● Work instruction
Nothing but the lines from the one containing "Бавовняна футболка Dolce" through the end of the data should be retyped, exactly as they stand, and pictures should not be retyped.

= Beginning of Section =

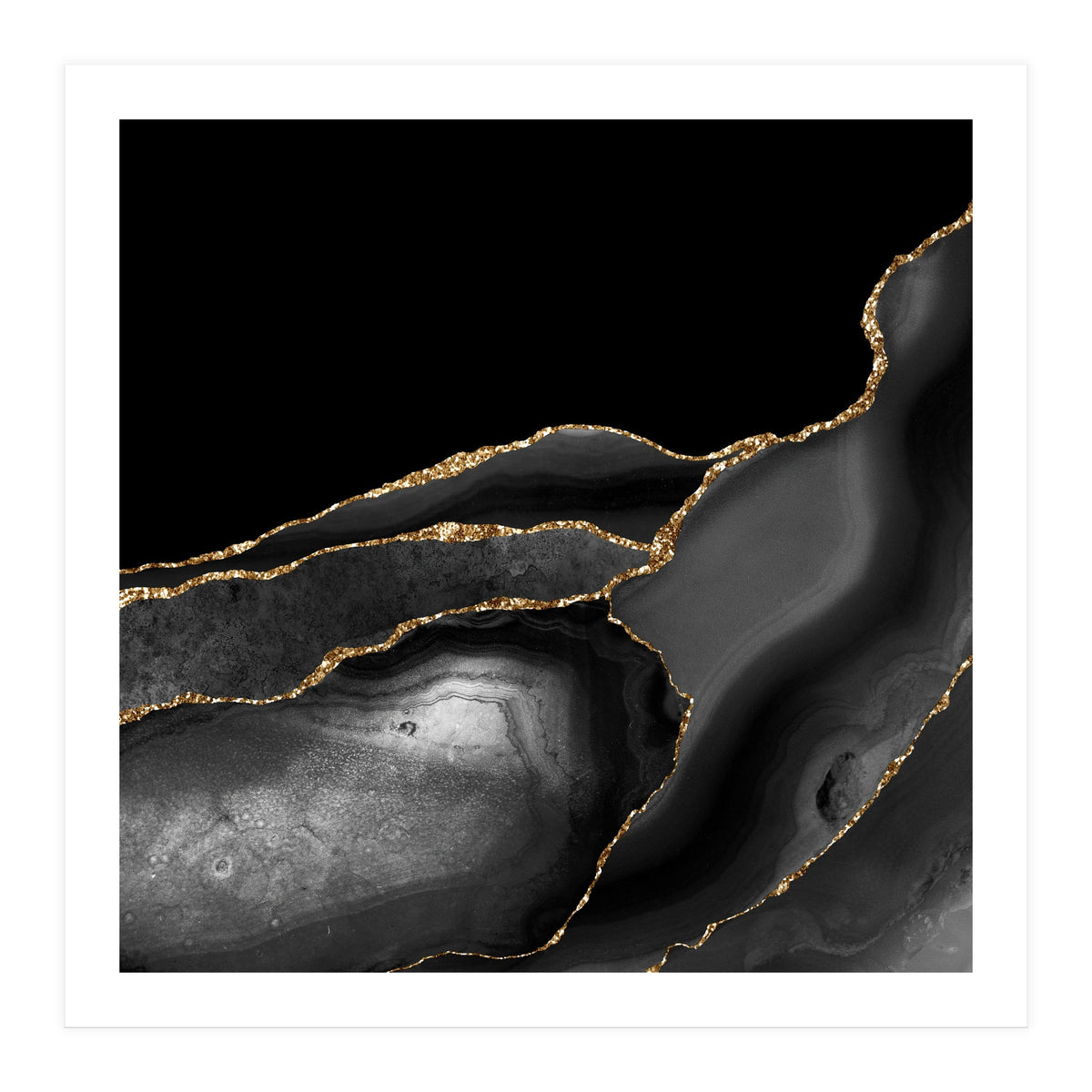 Black & Gold Agate Texture 04 (Print Only)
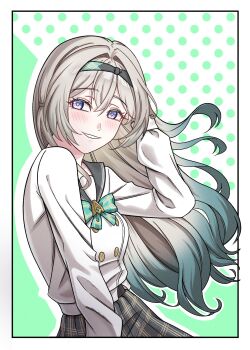 Rule 34 | 1girl, auk1098, black hairband, black sailor collar, blush, bow, bowtie, buttons, commentary request, double-breasted, firefly (honkai: star rail), firefly (spring missive) (honkai: star rail), gradient eyes, gradient hair, green bow, green bowtie, grey hair, grey skirt, hair between eyes, hair intakes, hair tubes, hairband, highres, honkai: star rail, honkai (series), korean commentary, long hair, multicolored eyes, multicolored hair, open mouth, plaid bow, plaid bowtie, plaid clothes, pleated skirt, polka dot, polka dot background, sailor collar, skirt, smile, solo, teeth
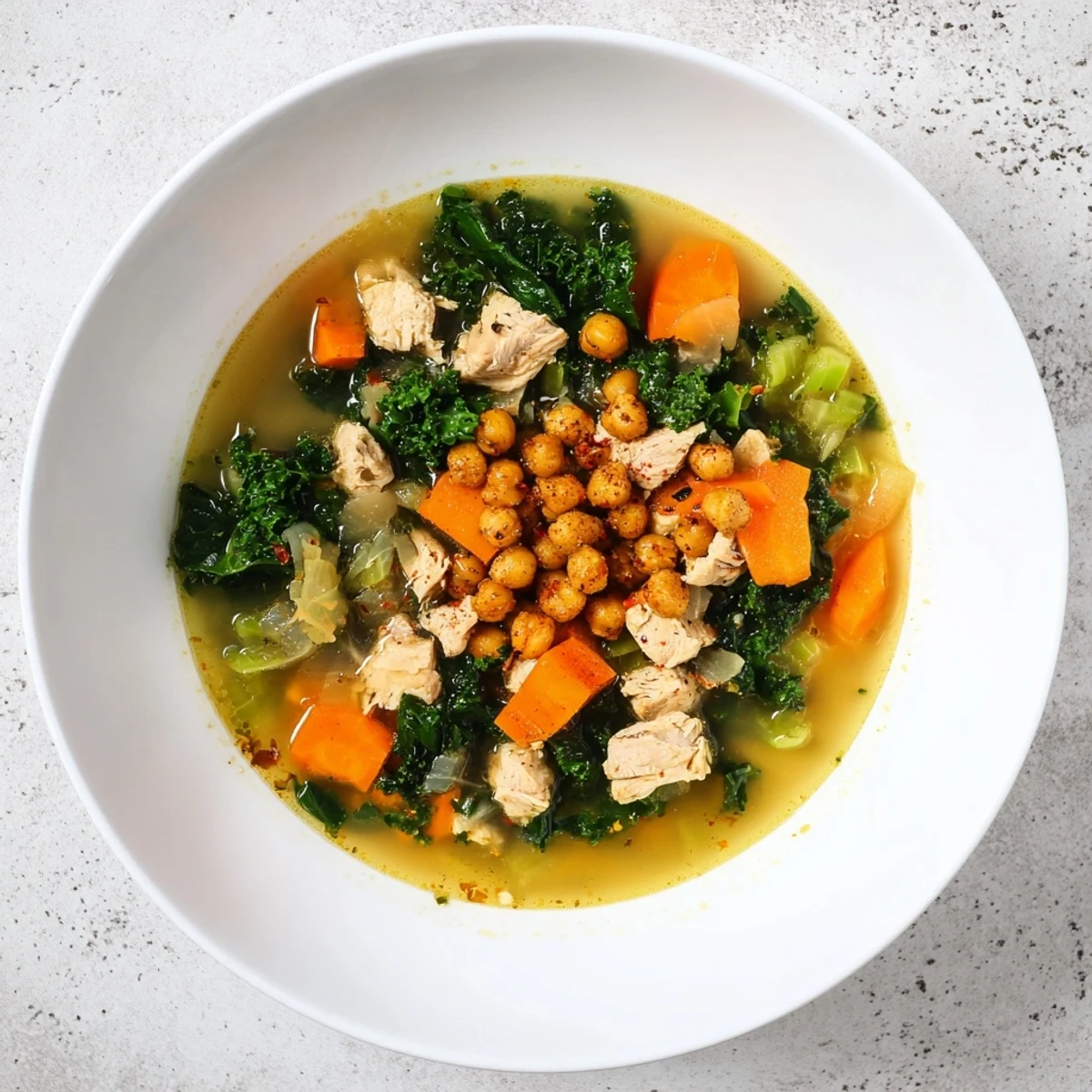 Chicken Kale Soup with crispy chickpeas, a warm bowl filled with nourishing broth and greens.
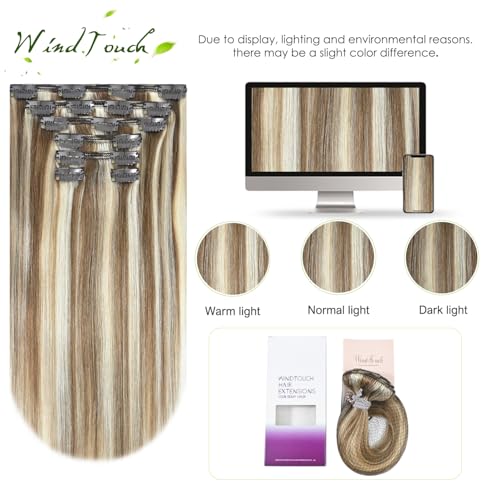WindTouch Clip In Hair Extensions Real Human Hair Balayage Ash Blonde to Platinum Blonde Hair Clip Ins Highlights For Blonde Thick Full End(120g 18Inch 7PCS) - Image 4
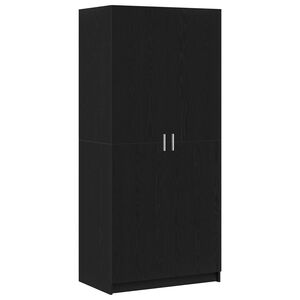 vidaXL Dulap Stejar Negru 80 x 50,5 x 180 cm Lemn prelucrat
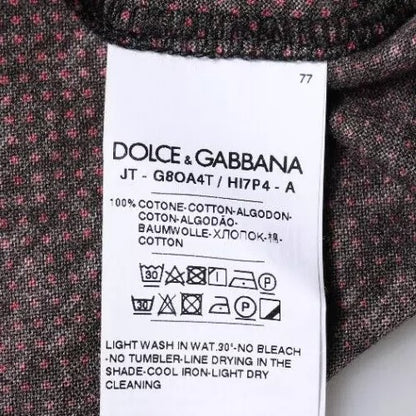 Бавовняна футболка Dolce &amp; Gabbana з червоним леопардовим коротким рукавом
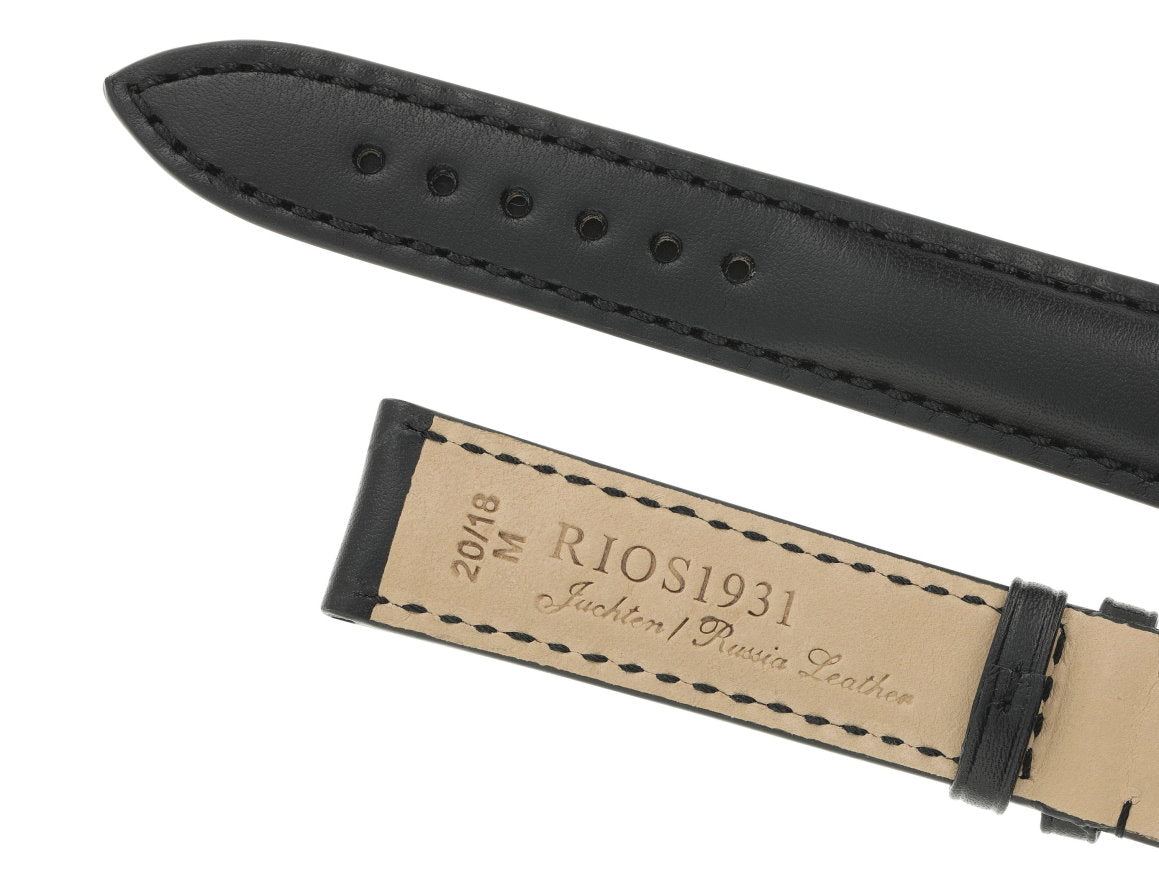 Premium-Uhrenband aus Juchtenleder Modell Moscow schwarz von RIOS1931 Deutschland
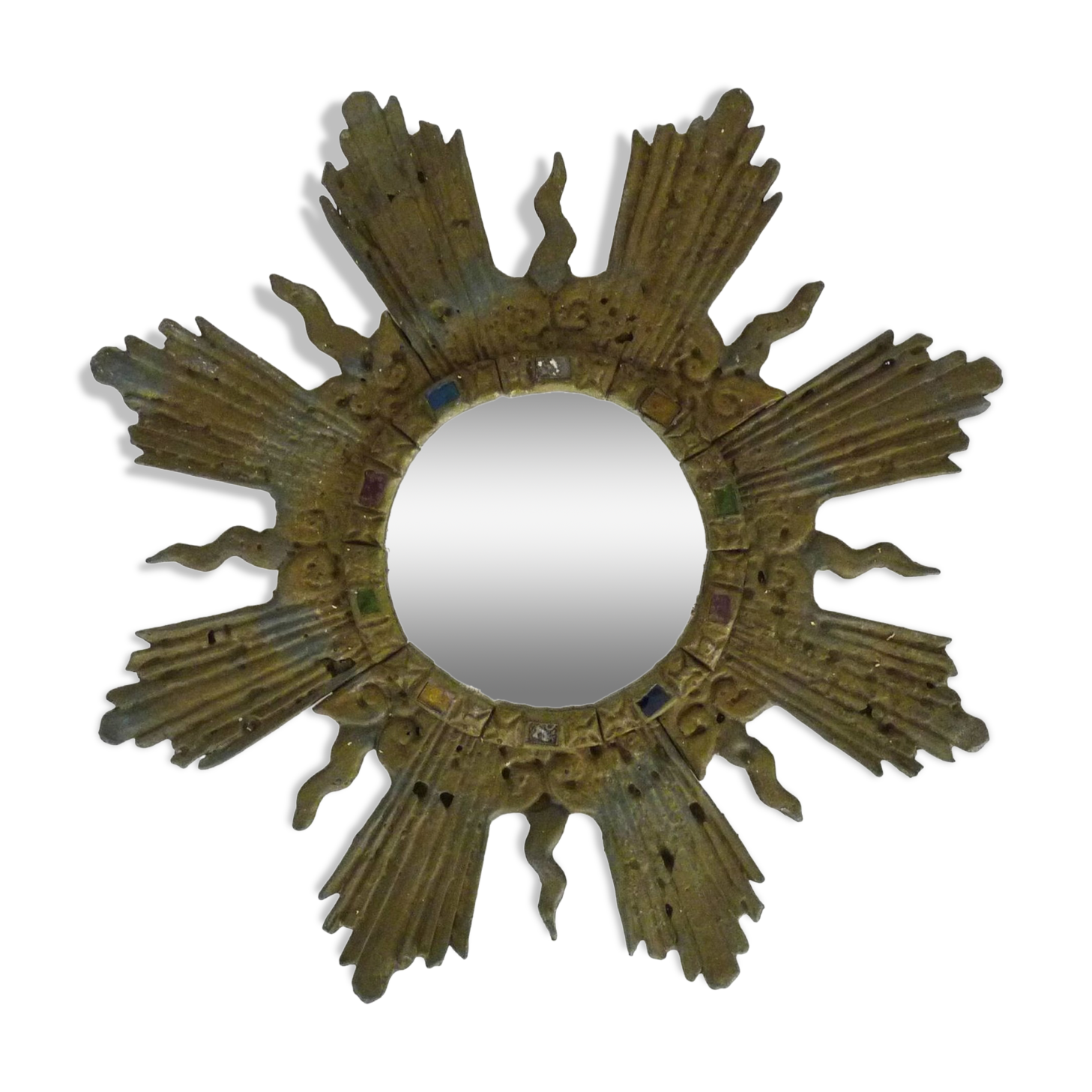 Old lead sun mirror Line Vautrin style Irena Jaworska 48 cm - 18.89 "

= End of Section =

● Answer box
 Бавовняна футболка Dolce &amp; Gabbana з червоним леопардовим коротким рукавом
 Premium-Uhrenband aus Juchtenleder Modell Moscow schwarz von RIOS1931 Deutschland
 Old lead sun mirror Line Vautrin style Irena Jaworska 48 cm - 18.89 "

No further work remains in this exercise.